**Work to complete:**
The stretch from the line with "WT-2600-3PK Windscreen for" through the line with "El arte de la" in the records below: write it out exactly, and nothing else.

Records from a dataset:

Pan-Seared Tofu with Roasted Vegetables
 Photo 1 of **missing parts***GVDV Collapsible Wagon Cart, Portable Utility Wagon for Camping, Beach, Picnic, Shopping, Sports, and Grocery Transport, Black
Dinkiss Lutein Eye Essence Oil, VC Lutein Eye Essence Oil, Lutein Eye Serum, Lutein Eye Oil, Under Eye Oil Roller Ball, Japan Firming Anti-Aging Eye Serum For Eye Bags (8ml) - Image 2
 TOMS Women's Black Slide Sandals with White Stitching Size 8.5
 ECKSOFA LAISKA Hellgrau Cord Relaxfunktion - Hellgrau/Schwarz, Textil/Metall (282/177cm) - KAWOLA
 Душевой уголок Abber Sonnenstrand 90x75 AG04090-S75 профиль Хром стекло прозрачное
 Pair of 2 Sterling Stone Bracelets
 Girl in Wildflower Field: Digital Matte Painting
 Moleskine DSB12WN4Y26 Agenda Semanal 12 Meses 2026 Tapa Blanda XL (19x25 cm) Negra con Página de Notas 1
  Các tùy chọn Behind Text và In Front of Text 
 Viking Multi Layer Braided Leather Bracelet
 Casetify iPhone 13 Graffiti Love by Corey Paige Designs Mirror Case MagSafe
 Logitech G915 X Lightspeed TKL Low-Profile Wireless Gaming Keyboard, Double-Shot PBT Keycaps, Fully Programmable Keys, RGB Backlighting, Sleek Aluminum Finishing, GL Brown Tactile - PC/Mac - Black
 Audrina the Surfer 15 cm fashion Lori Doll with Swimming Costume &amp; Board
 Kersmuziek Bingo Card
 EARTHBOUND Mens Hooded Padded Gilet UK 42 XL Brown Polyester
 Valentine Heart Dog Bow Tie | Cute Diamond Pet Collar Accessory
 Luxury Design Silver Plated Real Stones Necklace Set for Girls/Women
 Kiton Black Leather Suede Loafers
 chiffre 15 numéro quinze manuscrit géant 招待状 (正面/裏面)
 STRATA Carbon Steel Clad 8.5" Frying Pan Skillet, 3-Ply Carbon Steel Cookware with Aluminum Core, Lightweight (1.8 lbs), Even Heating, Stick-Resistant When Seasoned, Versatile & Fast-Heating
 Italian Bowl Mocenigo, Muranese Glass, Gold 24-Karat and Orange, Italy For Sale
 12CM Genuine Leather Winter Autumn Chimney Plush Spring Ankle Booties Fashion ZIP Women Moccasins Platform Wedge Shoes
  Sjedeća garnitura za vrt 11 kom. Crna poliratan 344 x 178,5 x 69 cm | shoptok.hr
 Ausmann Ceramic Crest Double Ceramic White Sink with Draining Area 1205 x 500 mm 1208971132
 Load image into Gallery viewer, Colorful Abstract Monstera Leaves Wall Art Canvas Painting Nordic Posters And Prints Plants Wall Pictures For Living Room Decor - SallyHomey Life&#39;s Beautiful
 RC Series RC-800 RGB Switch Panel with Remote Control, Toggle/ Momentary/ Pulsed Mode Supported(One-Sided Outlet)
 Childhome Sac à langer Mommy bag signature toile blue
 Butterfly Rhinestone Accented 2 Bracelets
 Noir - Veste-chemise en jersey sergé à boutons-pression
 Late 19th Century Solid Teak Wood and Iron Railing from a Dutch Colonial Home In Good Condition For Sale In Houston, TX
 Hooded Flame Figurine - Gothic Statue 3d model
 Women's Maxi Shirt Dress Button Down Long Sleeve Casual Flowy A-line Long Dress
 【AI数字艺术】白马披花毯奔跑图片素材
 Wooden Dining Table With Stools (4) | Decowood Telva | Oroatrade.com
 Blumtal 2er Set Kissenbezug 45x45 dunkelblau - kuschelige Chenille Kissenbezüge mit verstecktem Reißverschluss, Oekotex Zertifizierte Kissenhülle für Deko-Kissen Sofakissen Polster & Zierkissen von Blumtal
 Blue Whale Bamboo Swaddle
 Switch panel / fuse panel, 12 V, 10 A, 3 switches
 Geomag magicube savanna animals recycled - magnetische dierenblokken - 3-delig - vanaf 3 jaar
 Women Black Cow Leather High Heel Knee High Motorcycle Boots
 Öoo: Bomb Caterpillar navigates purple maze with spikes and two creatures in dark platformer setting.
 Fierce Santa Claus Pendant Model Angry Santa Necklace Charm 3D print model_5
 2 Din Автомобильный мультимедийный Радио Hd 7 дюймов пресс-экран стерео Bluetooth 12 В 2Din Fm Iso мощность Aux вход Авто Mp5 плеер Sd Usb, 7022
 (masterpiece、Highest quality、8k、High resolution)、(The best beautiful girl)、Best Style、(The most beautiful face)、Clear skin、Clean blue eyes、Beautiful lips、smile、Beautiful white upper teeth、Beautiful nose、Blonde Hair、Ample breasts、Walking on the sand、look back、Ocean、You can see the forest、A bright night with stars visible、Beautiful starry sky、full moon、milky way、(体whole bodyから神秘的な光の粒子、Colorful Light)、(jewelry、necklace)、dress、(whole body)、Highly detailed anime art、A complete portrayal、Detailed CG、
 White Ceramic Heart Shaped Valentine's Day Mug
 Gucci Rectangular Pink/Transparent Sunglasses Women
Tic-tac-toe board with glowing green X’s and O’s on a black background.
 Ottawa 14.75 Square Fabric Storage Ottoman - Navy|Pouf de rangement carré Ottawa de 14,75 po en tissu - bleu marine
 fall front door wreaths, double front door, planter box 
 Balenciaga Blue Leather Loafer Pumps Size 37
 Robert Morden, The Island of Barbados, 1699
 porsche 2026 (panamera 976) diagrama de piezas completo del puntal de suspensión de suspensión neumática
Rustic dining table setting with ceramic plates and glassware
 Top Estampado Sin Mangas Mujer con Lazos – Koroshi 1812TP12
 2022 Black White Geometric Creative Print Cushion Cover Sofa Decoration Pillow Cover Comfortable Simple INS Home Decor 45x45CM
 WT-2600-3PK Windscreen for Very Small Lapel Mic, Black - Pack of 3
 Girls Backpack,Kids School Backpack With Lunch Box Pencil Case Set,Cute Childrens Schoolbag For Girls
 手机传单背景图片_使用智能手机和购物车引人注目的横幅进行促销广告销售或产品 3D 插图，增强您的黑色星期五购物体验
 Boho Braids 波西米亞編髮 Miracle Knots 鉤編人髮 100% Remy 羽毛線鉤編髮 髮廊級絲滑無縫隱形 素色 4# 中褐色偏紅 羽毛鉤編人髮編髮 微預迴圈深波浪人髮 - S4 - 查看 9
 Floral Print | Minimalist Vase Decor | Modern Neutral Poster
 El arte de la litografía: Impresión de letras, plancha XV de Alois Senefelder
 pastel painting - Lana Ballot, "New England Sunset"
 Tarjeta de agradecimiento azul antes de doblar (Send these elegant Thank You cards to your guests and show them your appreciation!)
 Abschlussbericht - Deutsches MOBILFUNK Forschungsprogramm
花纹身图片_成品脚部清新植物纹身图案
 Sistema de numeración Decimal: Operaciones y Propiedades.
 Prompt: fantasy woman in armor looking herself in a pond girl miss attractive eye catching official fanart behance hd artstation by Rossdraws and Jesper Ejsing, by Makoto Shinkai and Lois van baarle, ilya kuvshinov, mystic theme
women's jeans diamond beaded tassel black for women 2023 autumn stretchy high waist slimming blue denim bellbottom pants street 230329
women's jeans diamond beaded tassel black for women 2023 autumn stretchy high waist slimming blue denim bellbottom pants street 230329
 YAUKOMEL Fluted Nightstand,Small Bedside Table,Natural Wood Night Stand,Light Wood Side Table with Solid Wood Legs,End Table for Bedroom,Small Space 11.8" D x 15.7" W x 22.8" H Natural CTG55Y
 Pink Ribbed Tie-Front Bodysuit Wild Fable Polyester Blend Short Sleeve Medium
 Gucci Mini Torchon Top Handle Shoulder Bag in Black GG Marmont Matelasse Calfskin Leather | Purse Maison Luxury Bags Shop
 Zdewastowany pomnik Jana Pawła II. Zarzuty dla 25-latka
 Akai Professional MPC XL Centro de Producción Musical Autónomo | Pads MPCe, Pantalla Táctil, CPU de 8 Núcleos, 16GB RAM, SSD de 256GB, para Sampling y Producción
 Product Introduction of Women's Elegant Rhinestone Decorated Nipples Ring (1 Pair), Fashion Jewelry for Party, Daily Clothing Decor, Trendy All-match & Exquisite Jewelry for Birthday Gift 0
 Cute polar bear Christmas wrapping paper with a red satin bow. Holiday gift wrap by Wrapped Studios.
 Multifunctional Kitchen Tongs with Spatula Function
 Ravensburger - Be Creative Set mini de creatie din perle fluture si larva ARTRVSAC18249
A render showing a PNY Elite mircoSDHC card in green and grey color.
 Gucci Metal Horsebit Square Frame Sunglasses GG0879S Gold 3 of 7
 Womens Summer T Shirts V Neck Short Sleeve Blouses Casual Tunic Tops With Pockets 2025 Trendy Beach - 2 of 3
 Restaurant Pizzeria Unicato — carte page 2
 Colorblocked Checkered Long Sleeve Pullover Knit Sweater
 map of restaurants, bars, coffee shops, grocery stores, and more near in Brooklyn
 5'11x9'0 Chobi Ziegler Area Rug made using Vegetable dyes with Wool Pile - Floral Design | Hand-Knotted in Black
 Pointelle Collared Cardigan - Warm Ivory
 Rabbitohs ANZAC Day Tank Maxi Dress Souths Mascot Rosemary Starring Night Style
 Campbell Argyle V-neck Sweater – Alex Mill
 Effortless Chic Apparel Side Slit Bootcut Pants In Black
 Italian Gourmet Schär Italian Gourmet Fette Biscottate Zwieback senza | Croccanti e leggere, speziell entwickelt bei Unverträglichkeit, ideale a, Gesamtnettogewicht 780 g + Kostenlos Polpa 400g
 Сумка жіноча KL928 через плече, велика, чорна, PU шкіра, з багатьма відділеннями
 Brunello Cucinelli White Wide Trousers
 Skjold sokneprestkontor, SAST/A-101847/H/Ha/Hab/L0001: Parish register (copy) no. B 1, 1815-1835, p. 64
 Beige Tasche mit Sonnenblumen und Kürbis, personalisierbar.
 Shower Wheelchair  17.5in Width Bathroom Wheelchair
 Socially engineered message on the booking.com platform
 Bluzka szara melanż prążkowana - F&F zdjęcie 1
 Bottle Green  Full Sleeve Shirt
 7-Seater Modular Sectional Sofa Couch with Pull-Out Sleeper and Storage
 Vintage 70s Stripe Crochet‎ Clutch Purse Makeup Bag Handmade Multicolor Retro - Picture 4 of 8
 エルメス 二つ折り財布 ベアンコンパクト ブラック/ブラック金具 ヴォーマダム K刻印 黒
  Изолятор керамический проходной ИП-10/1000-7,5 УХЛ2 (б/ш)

**Response to the task:**
 WT-2600-3PK Windscreen for Very Small Lapel Mic, Black - Pack of 3
 Girls Backpack,Kids School Backpack With Lunch Box Pencil Case Set,Cute Childrens Schoolbag For Girls
 手机传单背景图片_使用智能手机和购物车引人注目的横幅进行促销广告销售或产品 3D 插图，增强您的黑色星期五购物体验
 Boho Braids 波西米亞編髮 Miracle Knots 鉤編人髮 100% Remy 羽毛線鉤編髮 髮廊級絲滑無縫隱形 素色 4# 中褐色偏紅 羽毛鉤編人髮編髮 微預迴圈深波浪人髮 - S4 - 查看 9
 Floral Print | Minimalist Vase Decor | Modern Neutral Poster
 El arte de la litografía: Impresión de letras, plancha XV de Alois Senefelder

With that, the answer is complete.